O enquadramento muda o que reparas
Uma notícia não pode mostrar todos os pormenores, por isso escolhe factos, palavras, imagens e vozes. Essa escolha cria um enquadramento: orienta o que parece importante e como interpretas um acontecimento, sem ter necessariamente inventado factos.
Porque o enquadramento importa na vida cívica
As pessoas precisam de informação comum para discutir escolhas públicas, mas a atenção é limitada. Os meios de comunicação e as plataformas ajudam a decidir que problemas entram primeiro na conversa. Perceber o enquadramento ajuda-te a perguntar o que aparece, o que falta e quem fala.
Um acontecimento, duas manchetes
Imagina que 200 alunos ficam sem entrar num autocarro cheio. Uma manchete diz: “Alunos exigem melhores transportes”; outra diz: “Multidão bloqueia o trânsito da manhã”. O facto é o mesmo, mas o foco muda: uma mostra a necessidade, a outra o incómodo.

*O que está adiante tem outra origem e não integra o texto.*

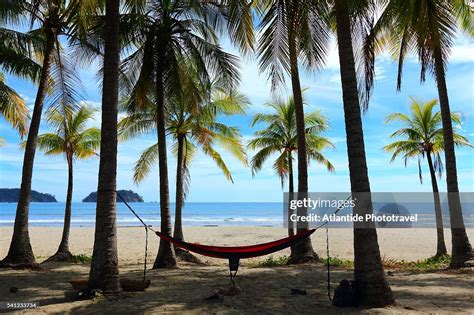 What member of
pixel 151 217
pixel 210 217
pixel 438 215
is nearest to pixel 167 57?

“Tendencioso” não significa “falso”
É razoável chamar falsa a notícia sempre que o seu ângulo é diferente do teu. Mas uma notícia pode usar factos verdadeiros e, mesmo assim, deixar de fora contexto ou vozes importantes. Separa verificar factos de perceber que ponto de vista orienta a história.
Ler notícias cívicas com atenção
Quando lês sobre um protesto, uma decisão da escola ou um novo projecto, compara duas notícias fiáveis. Repara nas manchetes, fontes, imagens e vozes ausentes. Não significa não acreditar em ninguém; significa formar uma visão mais completa antes de julgar.